Release notes mention only releases with feature changes

MongoDB releases Atlas Data Federation every week, continuously improving Atlas Data Federation performance and stability. These release notes capture only those releases that contain feature changes. If a particular Atlas Data Federation release contains only performance and stability improvements, it is not included in these release notes. To identify which release version you are using, check the release version string for the release date.

  • Supports the ability to read Parquet files with zstd column compression.

  • Changes which regions process data for unsupported regions:

    • ca-central-1 (Montreal) will process data from ca-west-1 (Alberta) instead of eu-west-1 (Ireland).

    • ap-northeast-1 (Tokyo) will process data:

      • from ap-northeast-2 (Seoul) instead of eu-west-1 (Ireland).

      • from ap-northeast-3 (Osaka) instead of eu-west-1 (Ireland).

      • from ap-east-1 (Hong Kong) instead of ap-southeast-2 (Sydney).

  • Fixes an issue where the killOp command was prevented from terminating a query.

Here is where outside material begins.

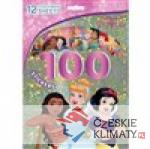 100 samolepek s omalovánkovými listy -...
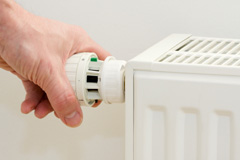Raddon central heating installation costs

  • Adds support for the $sql stage on Atlas Data Federation views.

  • Fixes an issue where, when creating a view, Atlas Data Federation was not properly checking permissions.

  • Resolves an issue where generated dates in the ISO 8602 format caused incorrect query results.

  • Fixes an issue that prevented the Python driver from failing to connect when using AWS IAM authentication.

  • Fixes an issue that caused $limit queries to fail with an InternalError.

  • Improves template partition filtering in the query planner, which improves query performance in certain cases against multiple blob storage sources.

  • Makes Azure data stores generally available for both your development and production deployments.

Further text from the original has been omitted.